Schools use "lockdown" to protect students
Families connected to the Sandy Hook Elementary shootings heard "lockdown" used again and again.
Some didn't know what it meant. We found out what it means and how it affects the safety of students.
Schools around the country are reviewing and rethinking their safety plans. We spoke with Dyess Elementary School Principal Michael Newton. He said their school has two different levels of lockdown. The first is the most serious.
"It's a very short call over the PA system which means it is very severe," said Newton. Get all the doors locked. Get the children in a safe part of the classroom."
Newton also said, "The other one is a procedure and its all done by code word where we will lockdown the campus. It's usually where I want to make sure kids stay in one spot for a little bit."
Once the lockdown is cleared and over, there is still one more checkpoint.

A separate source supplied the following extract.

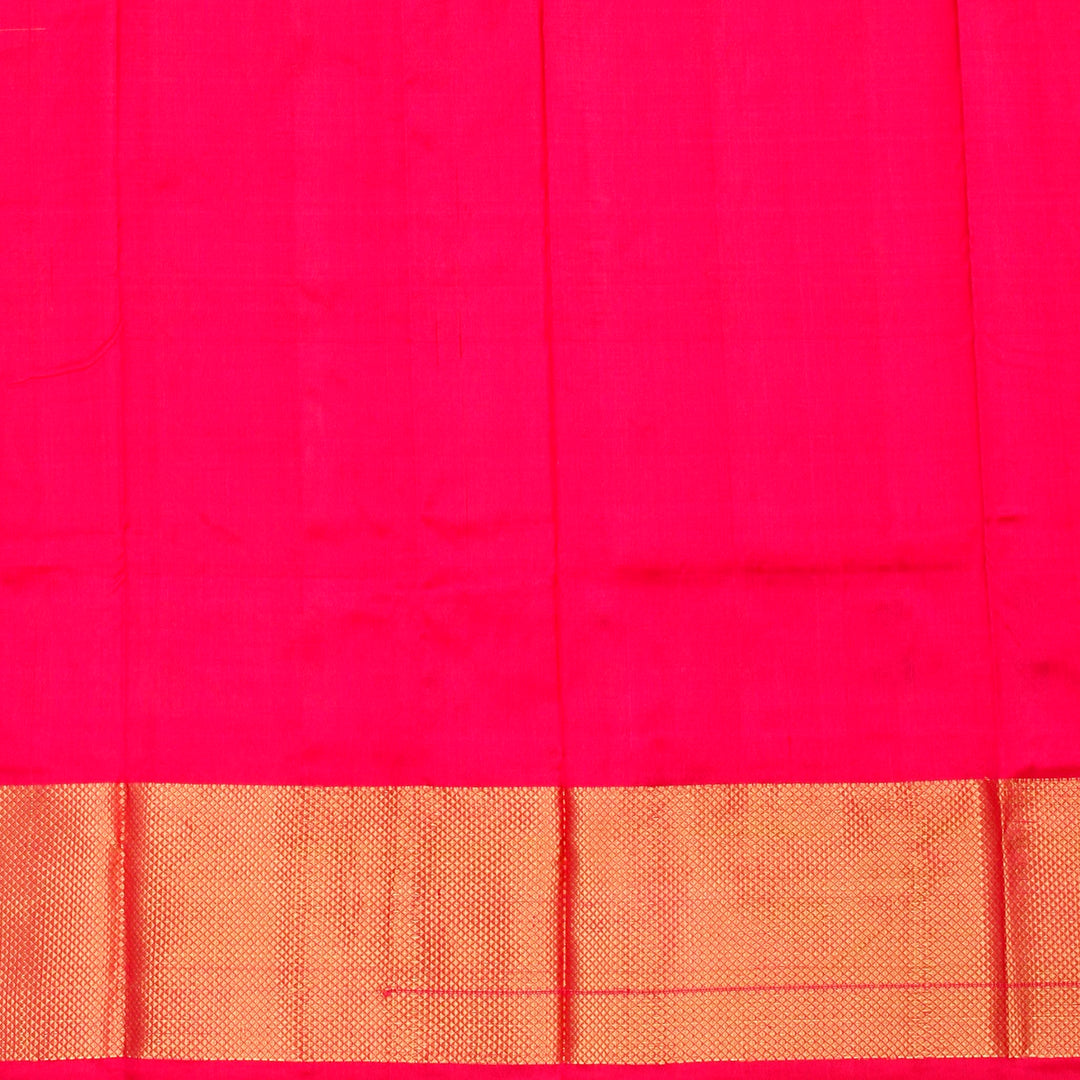 Kuberan White Pavada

"We have a callout System that we can notify parents that we had an incident occur, that your child is safe, and if you need further information that you can contact the school," said Newton.
Following the shooting on Monday, the school focused on keeping things normal for kids.
Dyess Elementary School Counsel Karen Clemmer said, "Normalcy is huge. You know routine is huge for kids and so the teachers and administrators have to be careful with our demeanor."
Newton said parents are informed after the lockdown procedure, to keep them from showing up and interrupting the first responders.